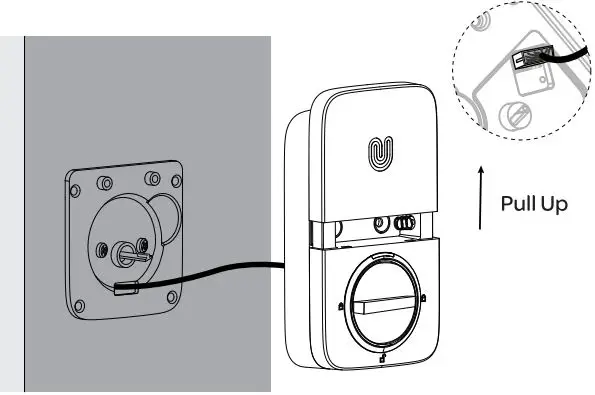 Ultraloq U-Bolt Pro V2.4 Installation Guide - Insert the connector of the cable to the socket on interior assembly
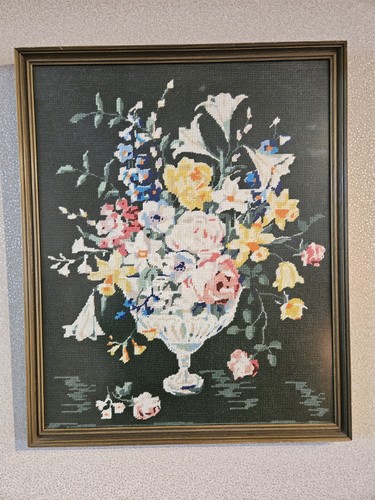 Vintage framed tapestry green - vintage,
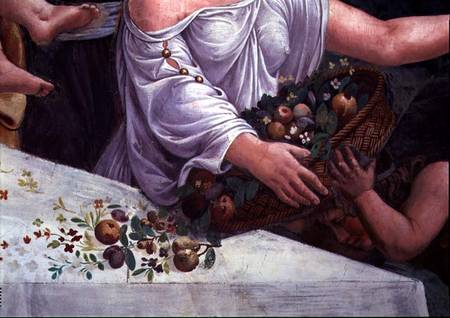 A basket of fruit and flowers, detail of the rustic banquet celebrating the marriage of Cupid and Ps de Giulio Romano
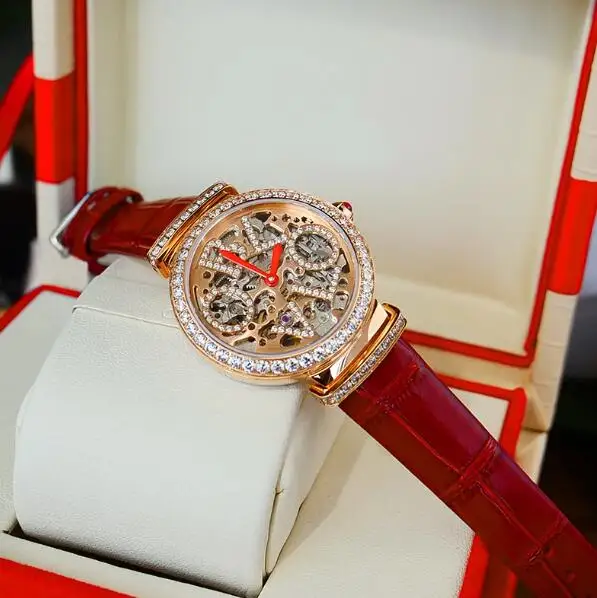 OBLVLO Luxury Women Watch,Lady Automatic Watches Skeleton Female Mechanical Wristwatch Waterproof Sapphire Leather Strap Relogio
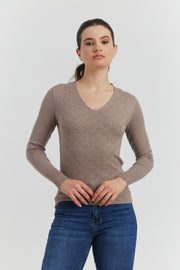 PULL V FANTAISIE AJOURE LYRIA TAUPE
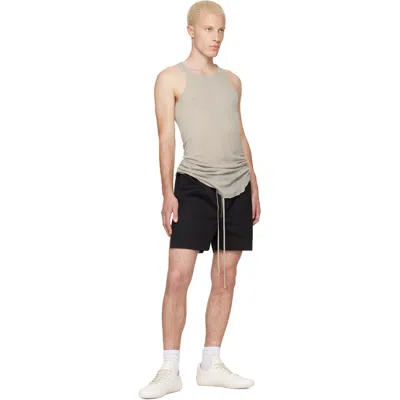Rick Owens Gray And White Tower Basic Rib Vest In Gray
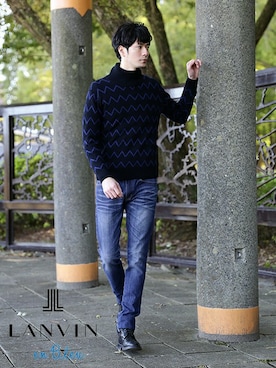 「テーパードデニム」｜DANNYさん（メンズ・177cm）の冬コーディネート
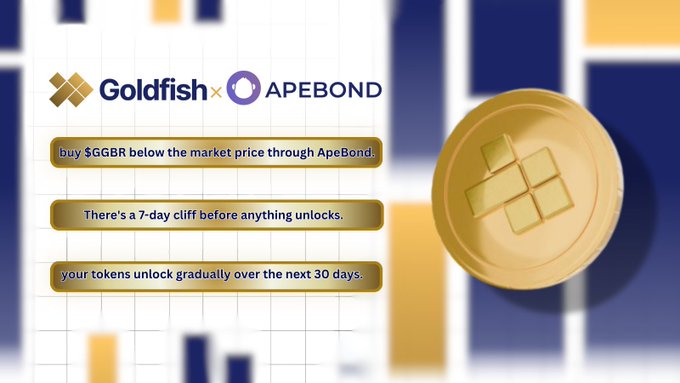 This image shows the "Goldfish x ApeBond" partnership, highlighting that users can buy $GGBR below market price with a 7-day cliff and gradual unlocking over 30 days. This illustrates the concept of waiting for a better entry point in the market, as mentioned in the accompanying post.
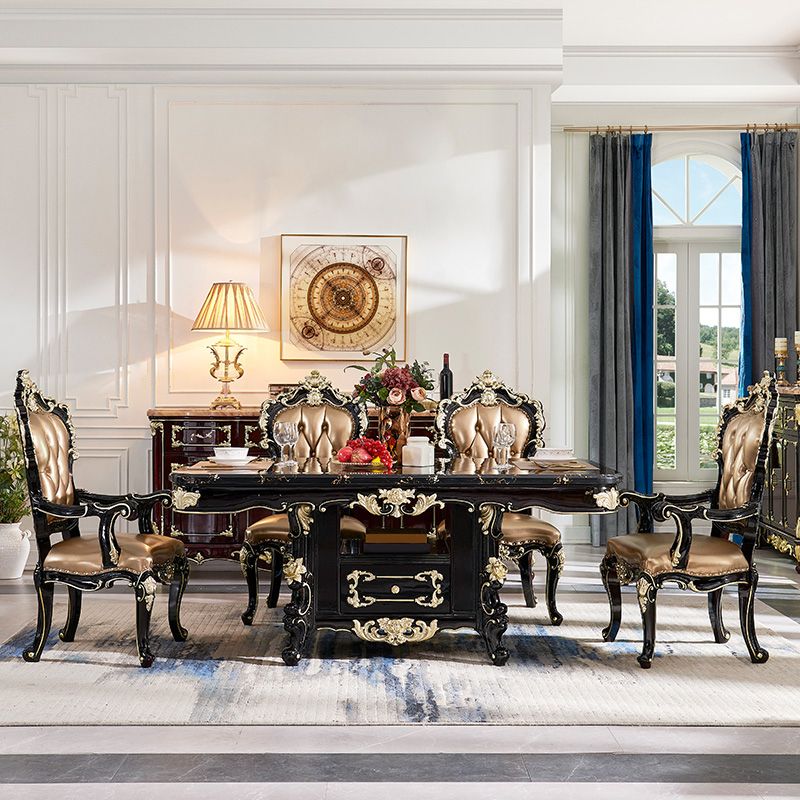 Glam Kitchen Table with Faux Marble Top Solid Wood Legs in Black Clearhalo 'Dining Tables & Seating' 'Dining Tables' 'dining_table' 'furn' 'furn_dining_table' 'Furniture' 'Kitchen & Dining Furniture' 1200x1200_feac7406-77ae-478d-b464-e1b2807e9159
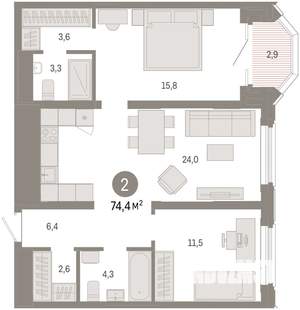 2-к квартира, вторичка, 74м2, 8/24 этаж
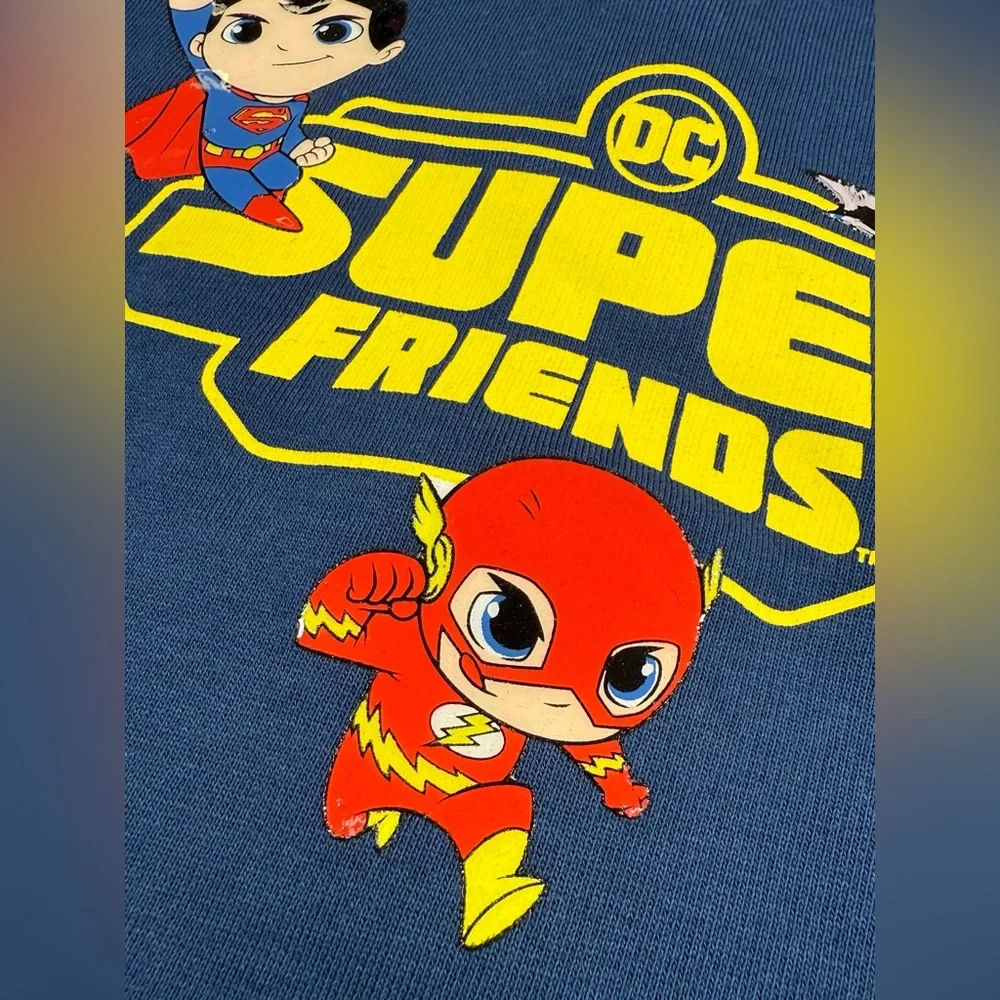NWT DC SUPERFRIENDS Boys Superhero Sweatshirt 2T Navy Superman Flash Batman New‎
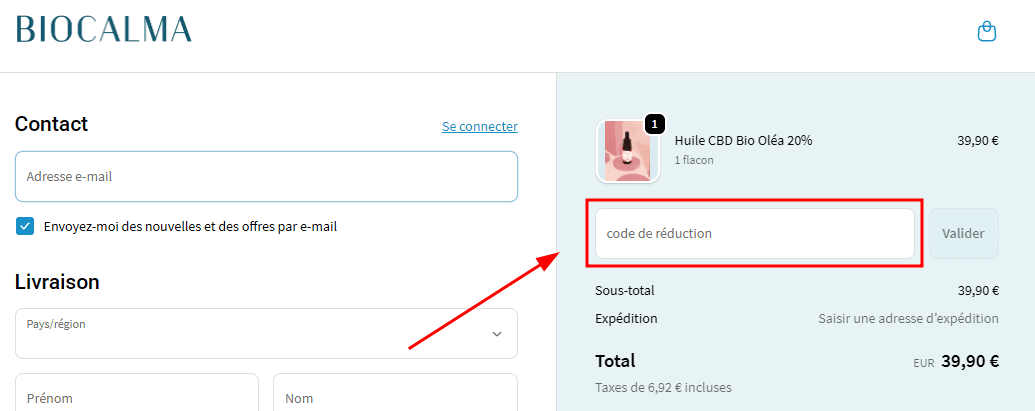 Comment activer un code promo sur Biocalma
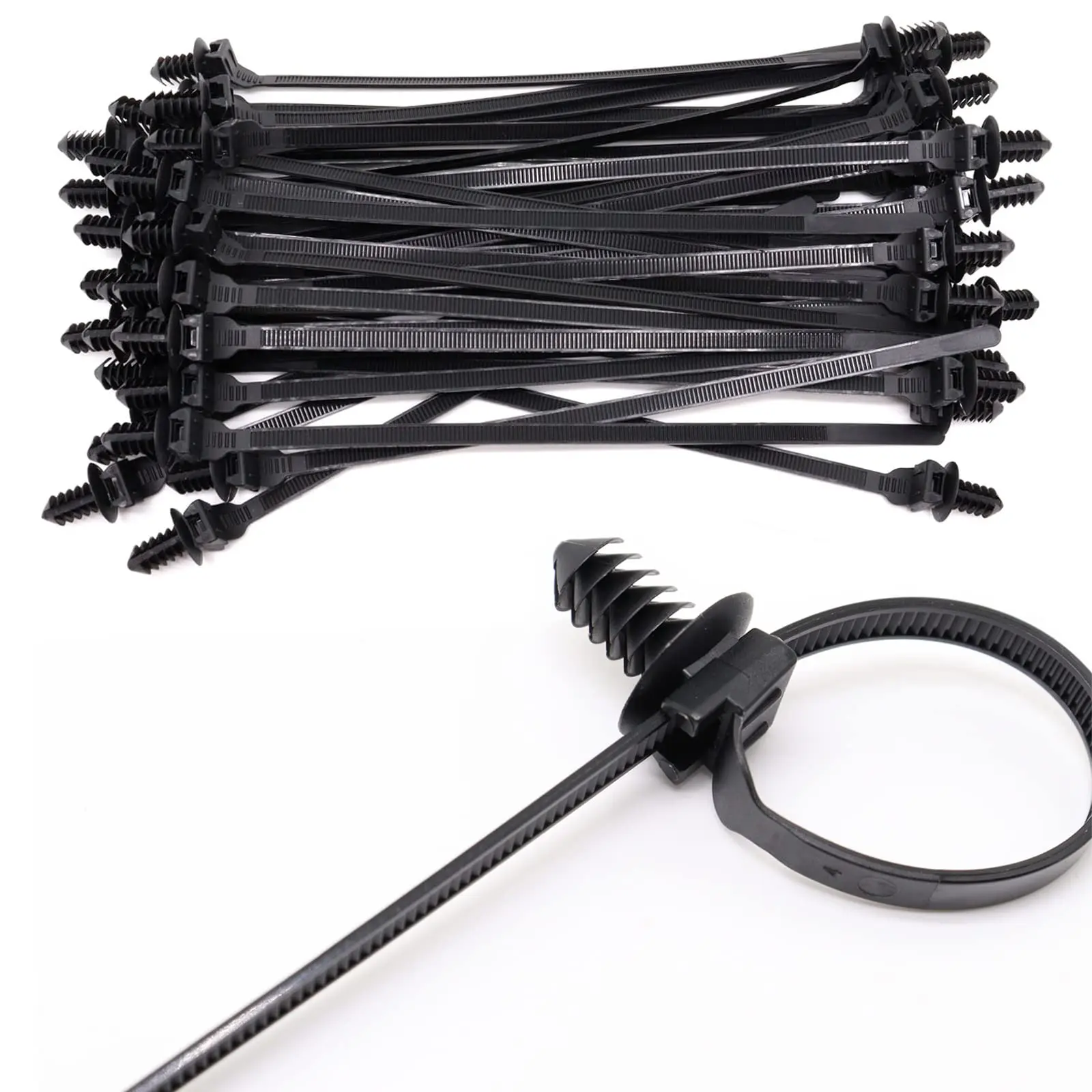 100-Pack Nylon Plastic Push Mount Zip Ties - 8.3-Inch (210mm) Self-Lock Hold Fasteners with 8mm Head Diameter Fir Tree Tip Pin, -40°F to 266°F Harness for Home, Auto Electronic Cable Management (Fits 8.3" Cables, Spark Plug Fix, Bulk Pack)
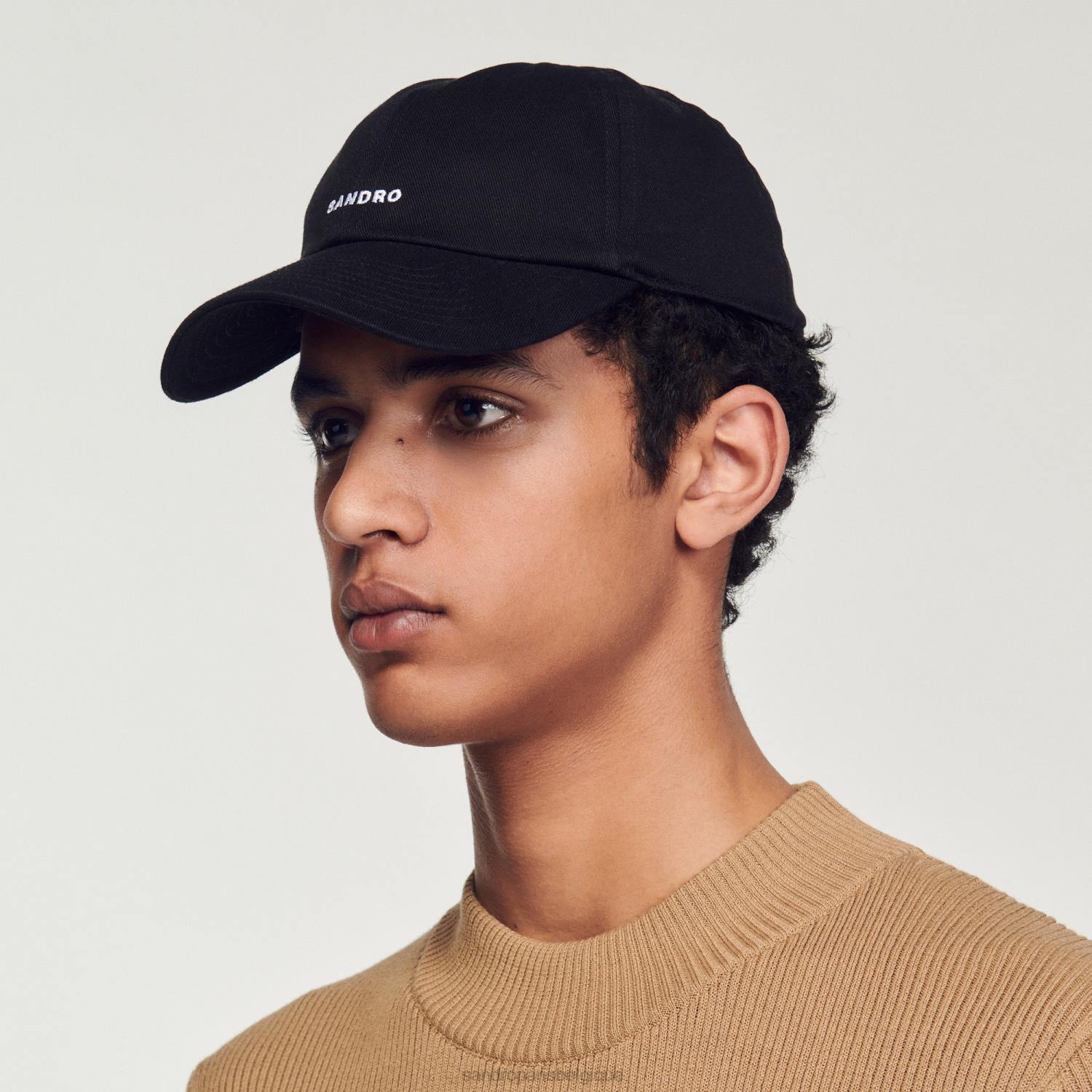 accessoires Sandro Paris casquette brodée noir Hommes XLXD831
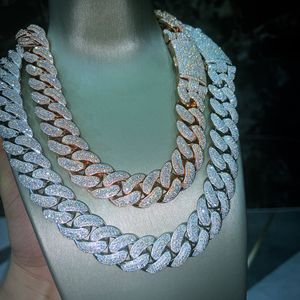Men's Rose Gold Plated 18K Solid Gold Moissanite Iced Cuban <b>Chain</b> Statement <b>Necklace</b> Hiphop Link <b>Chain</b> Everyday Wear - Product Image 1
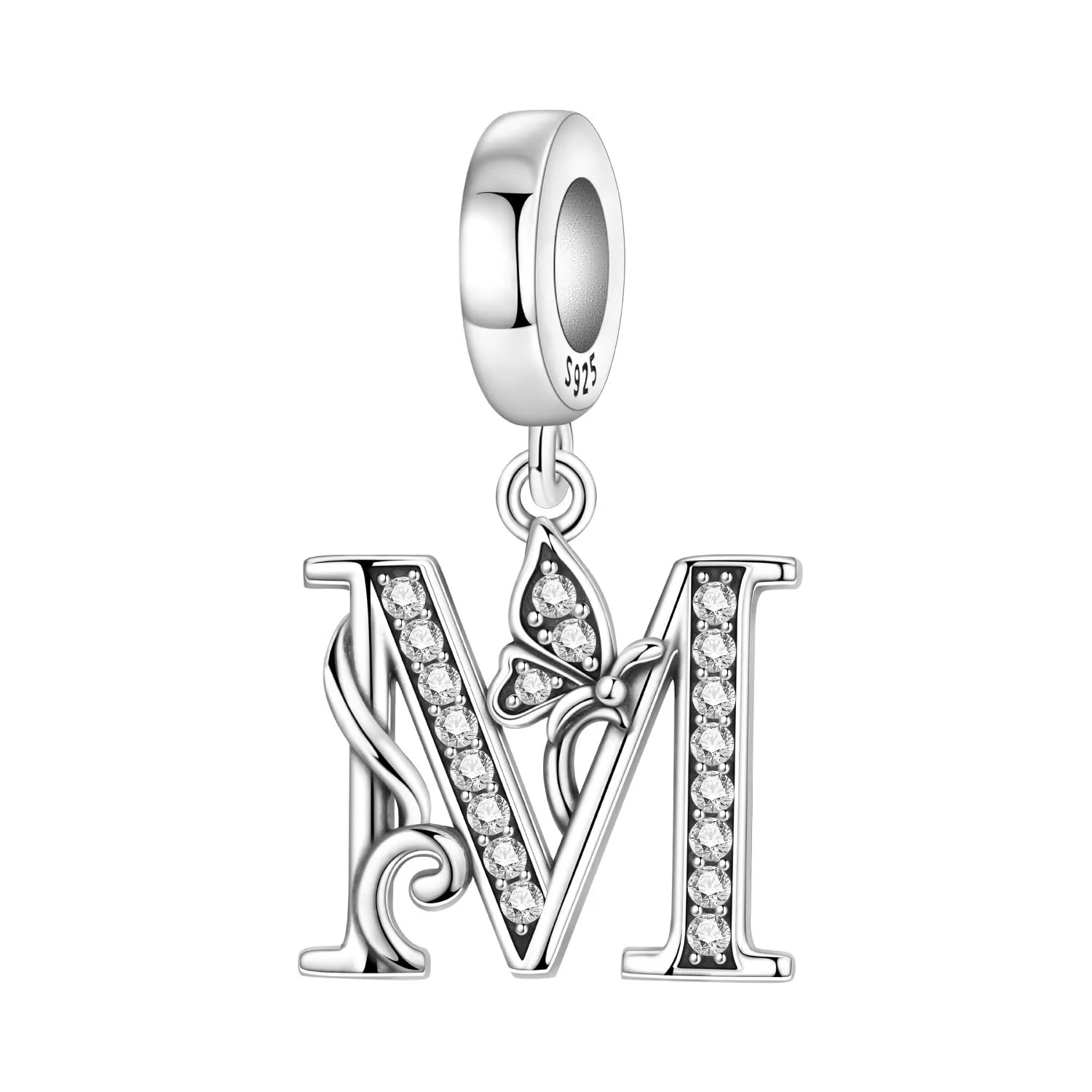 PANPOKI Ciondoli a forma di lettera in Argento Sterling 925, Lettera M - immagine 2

- [EXERCISE DIRECTIONS]: All that should be printed is the run of lines above from the one with "PULL V FANTAISIE AJOURE LYRIA TAUPE" through the one with "This image shows", both included, exactly as given, with pictures left out.

- [ANSWER TO THE PROBLEM]:
 PULL V FANTAISIE AJOURE LYRIA TAUPE
Rick Owens Gray And White Tower Basic Rib Vest In Gray
 「テーパードデニム」｜DANNYさん（メンズ・177cm）の冬コーディネート
 This image shows the "Goldfish x ApeBond" partnership, highlighting that users can buy $GGBR below market price with a 7-day cliff and gradual unlocking over 30 days. This illustrates the concept of waiting for a better entry point in the market, as mentioned in the accompanying post.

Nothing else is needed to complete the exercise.